The other shook his head. "Since I came to work for you, only one. Applied psychology, or the art of finding out what people want to be told and then telling them."
"That's soft-soapism."
"You name it," grinned the thin man. "You asked for it. Oh, we've carried the burning torch often enough—that's the other psychology. Finding out what people think is good for them and crying against it."
"Or both."
"Or both," smiled Gene.
"This is a crazy business, sometimes. I'm on another branch again, Gene. How much of the human brain is used?"
"Less than ten percent."
"Right. What would happen if the whole brain were used?
"Andy, what kind of a card file would you need to do the following: One: locate from a mention the complete account of a complex experience; two: do it almost instantly, and three: compile the data in five dimensions?"
"Five dim—? Are you kidding?"
"Not at all. Each of the five senses are essentially different and will require separate cards to make the picture complete. A rose smell, for instance, would be meaningless alone—you must classify it. The same card would not fit for all rose-smelling memories since some are strong, some are weak, some are mixed with other minor odors, and so forth. Do you follow?"

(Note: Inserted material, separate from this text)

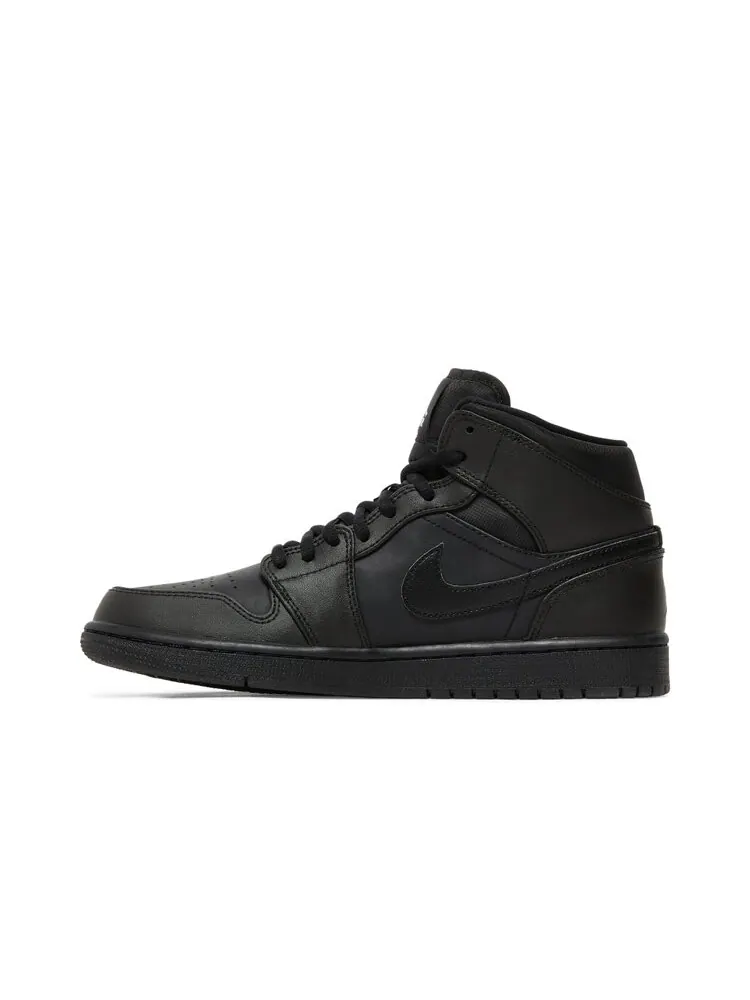 Кроссовки Air Jordan 1 Mid 'Black White' — изображение 3 из 4, черный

"Yes, but aren't we getting off the track?"
"Not at all. If your mind can run through ten to the fiftieth power experiences in five mediums and come up with the proper, correlated accounts, all in a matter of seconds—think what the same mind might be able to do if presented with a lesser problem."
"Why can't it do just that?"
"Because when you start to figure out a problem, something restricts your brain power to less than ten percent of its capability."
"That means that ninety percent of the brain is nonfunctional."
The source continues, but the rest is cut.